Increasing levels of a protein that helps the brain use cholesterol may slow the development of Alzheimer’s disease changes in the brain, according to researchers studying a mouse model of the disease at Washington University School of Medicine in St. Louis.
Elevated levels of the protein ABCA1 sharply reduced buildup of brain plaques that are a hallmark of Alzheimer’s disease, according to senior author David M. Holtzman, M.D., the Andrew and Gretchen Jones Professor and chair of the Department of Neurology at the School of Medicine and neurologist-in-chief at Barnes-Jewish Hospital.
The study, appearing this month in The Journal of Clinical Investigation, highlights a new possibility for potential Alzheimer’s treatment: altering the brain’s use of lipids, a class of fat-soluble compounds that includes cholesterol.
“It’s becoming clear that ABCA1 may be a good drug target for Alzheimer’s therapies,” Holtzman says. “There are known drugs that can increase ABCA1 levels, and with some further development of this or similar classes of drugs and additional insights into how ABCA1 slows down plaque deposition, there may be a way to create a new approach to Alzheimer’s treatment.”
Discovered in 2001, ABCA1 is a naturally occurring enzyme already under study for its potential to treat heart disease. Lipids like cholesterol aren’t soluble, so to be transported through the bloodstream and into and out of cells and organs, they have to be associated with molecules known as apolipoproteins. ABCA1 facilitates this process, which is known as lipidation.

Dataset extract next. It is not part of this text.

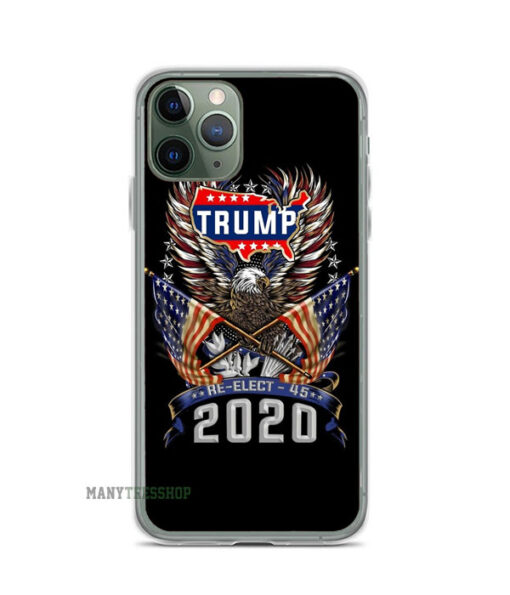 Trump Re Elect Patriotic Eagle American iPhone Case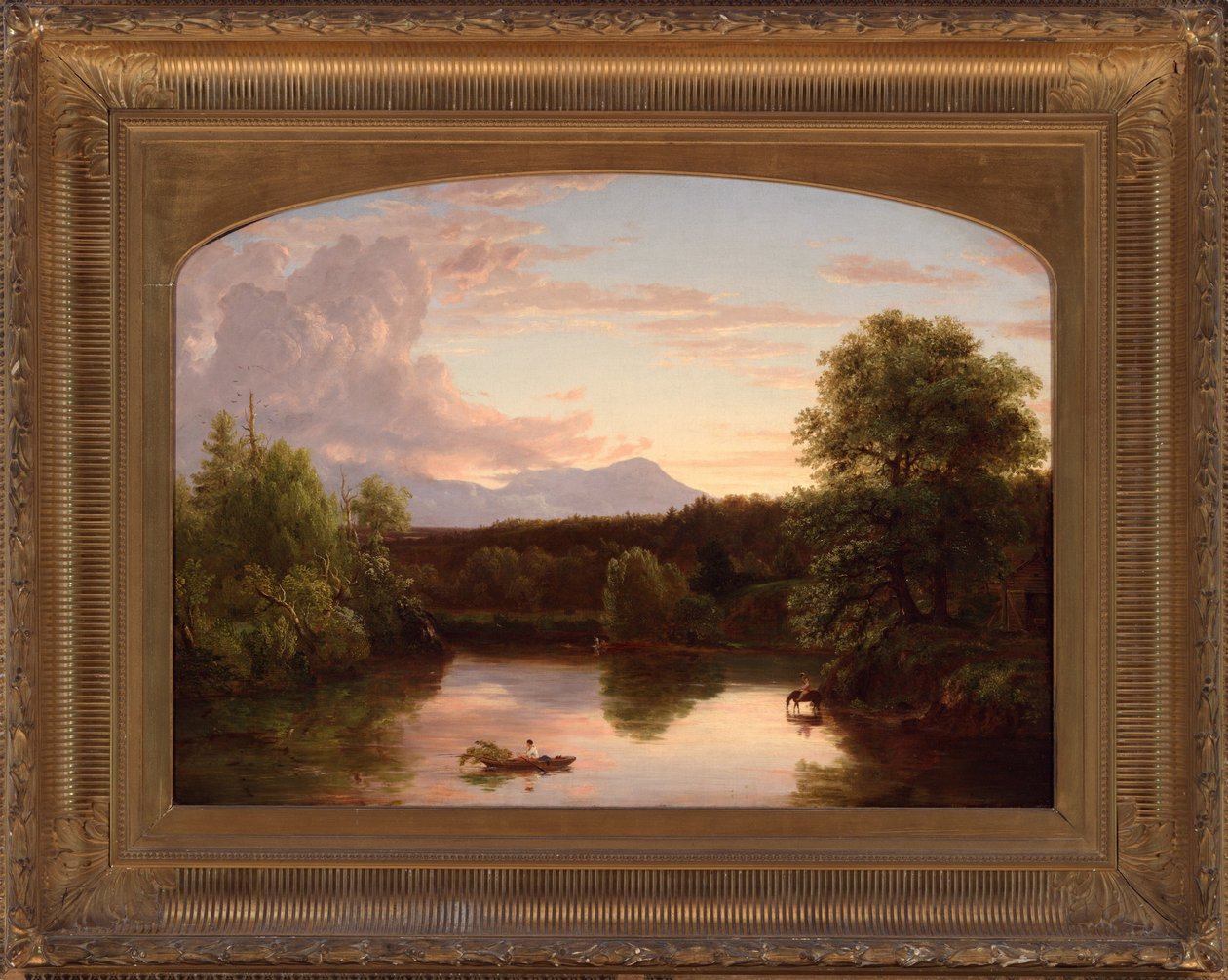North Mountain e Catskill Creek da Thomas Cole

In the circulatory system, ABCA1 lipidates HDL with cholesterol to form fully functioning HDL, the “good” cholesterol thought to decrease risk of heart disease. Cardiovascular researchers are testing drugs that increase ABCA1 levels, hoping eventually to use them to prevent or alleviate atherosclerosis.
Holtzman was intrigued by the connection between ABCA1 and lipidation because a primary risk factor for Alzheimer’s disease is an apolipoprotein known as apoE. Different genetic forms of apoE are linked to significant changes in an individual’s risk of developing late-onset Alzheimer’s disease.
In earlier research, Holtzman’s lab revealed that ABCA1 also lipidates good cholesterol in the brain. When they utilized mice lacking the gene for ABCA1 and bred them to mouse model of Alzheimer’s disease, the animals developed a much great number of the brain plaques that are characteristic of the disease.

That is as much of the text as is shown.